Posts Tagged guild

Loot Accessibility and the Role of Guilds

insert coin evolution Loot Accessibility and the Role of Guilds

I read a post on a bluetracker last week (and forgot to bookmark it – again) in which the poster asked “do you need a guild now that we have the dungeon finder tool?”.

Thinking about that leads me to consider the changing role of the guild in WoW.  Since the initial release, guilds have changed from being the only path to high-level gear to a primarily social organization that provides access only to the highest tier of gear and the latest content.

While the response to patch 3.3 has been overwhelmingly positive, it has pushed a major change in the social dynamic of WoW.  For those who are not driven by the pure challenge of raiding the latest content, the argument for joining a guild as a way of gearing up no longer has as much weight.

Let’s look at what your guild could do for you with regards to loot from release until today.

Vanilla WoW

If you weren’t in a raiding guild, your loot capped out at Dungeon Set 1 (commonly called “Tier 0″), and later on Dungeon Set 2 (Tier “0.5″).  The later parts of the quest chain to upgrade your gear from dungeon set 1 and dungeon set 2 were quite challenging and can arguably be called the first “hard mode” in the game, but once you’d finished it, that was the limit of your progression.

The only raids available were 40 people, and in the early raids like Molten Core and Zul’Gurub the number of warm bodies was more important than individual performance.  As you progressed further, the level of technical skill required increased, as did the rewards.  Still, the raid size requirements meant that you didn’t necessarily join a guild for social reasons.  On any given realm there were a limited number of guild capable of fielding a team into the later raids.

Several encounters (Twin Emperors in AQ40 and the original Four Horseman come to mind) were known as “guild killers” because a few weeks of wipes against them could break the tenuous bonds that held some guilds together.
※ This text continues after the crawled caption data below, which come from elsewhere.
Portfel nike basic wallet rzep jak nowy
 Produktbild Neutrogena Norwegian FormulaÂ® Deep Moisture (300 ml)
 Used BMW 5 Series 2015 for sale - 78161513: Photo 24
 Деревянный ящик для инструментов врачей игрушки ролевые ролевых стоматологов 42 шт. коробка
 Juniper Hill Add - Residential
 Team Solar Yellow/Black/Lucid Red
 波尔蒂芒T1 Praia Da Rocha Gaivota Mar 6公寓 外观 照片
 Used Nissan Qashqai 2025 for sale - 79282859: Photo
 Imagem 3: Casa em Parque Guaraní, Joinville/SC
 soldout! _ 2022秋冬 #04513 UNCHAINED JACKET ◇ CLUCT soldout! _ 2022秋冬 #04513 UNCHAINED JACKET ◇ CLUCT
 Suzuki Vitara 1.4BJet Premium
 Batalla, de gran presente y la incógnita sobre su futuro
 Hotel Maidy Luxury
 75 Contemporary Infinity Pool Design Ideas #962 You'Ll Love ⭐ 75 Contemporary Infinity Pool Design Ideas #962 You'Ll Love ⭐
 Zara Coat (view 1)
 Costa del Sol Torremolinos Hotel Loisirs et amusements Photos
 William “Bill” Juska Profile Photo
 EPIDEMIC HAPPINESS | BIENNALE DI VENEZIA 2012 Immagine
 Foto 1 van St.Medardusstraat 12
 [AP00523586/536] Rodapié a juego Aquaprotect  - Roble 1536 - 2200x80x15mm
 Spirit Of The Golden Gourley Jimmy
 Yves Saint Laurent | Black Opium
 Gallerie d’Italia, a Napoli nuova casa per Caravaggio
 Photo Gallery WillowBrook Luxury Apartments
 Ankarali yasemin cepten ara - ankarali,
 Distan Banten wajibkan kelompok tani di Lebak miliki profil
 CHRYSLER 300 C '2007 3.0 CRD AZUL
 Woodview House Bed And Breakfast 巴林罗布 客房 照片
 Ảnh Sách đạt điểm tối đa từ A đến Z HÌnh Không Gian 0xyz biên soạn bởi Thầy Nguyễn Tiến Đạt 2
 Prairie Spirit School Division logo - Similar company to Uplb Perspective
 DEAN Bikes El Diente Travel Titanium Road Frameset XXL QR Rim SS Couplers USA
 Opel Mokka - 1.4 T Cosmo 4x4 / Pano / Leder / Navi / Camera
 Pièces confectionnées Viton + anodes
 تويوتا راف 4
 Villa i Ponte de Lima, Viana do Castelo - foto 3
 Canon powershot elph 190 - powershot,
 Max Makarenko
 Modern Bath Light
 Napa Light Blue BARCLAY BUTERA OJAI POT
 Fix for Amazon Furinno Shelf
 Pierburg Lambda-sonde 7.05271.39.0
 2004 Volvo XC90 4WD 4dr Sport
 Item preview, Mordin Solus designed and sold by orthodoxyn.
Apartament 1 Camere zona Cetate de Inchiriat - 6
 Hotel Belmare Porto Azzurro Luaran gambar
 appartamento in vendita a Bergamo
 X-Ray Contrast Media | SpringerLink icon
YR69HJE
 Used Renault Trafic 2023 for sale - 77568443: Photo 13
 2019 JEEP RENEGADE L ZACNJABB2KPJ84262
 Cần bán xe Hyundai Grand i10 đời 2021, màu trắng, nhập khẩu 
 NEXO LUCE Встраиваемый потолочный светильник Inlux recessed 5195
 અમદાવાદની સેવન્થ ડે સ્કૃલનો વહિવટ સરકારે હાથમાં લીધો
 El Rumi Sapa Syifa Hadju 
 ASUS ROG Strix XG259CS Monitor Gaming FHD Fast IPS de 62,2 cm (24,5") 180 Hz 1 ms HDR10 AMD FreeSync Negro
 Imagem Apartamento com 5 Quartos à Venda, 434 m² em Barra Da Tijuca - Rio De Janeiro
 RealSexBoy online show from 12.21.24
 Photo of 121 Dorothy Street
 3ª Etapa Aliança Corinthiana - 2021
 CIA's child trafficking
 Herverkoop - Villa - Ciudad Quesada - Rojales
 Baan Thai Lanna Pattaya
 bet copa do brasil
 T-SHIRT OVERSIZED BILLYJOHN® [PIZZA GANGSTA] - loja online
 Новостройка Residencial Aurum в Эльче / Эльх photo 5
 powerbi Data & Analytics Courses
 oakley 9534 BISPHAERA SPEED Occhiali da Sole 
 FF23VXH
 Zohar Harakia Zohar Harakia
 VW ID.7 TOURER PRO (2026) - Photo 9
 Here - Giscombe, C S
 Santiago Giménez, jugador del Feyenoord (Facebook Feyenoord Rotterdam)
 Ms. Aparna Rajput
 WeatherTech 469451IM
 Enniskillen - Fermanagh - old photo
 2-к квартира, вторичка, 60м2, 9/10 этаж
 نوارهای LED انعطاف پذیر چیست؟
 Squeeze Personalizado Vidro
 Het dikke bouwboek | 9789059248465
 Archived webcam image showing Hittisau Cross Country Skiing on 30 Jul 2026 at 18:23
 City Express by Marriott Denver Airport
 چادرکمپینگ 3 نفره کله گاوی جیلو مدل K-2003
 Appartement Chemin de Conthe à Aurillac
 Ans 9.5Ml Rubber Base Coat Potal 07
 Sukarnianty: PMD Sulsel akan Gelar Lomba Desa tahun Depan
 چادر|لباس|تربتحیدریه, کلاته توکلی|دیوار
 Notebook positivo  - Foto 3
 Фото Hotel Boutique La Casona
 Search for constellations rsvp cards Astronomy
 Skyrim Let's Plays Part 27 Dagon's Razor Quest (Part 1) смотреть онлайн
If you wanted PvE loot, you joined a 40 man raid guild.  There was no incentive to go back and run the old 5 man content on your main.

Importantly: if you ruined your reputation in a large guild, your weren’t likely to get into another top-tier guild that easily.  There just wasn’t as much choice as there is today.  This pressure helped keep some of the drama in-line compared to the nerdrage explosions we see today.

(more) The Burning Crusade...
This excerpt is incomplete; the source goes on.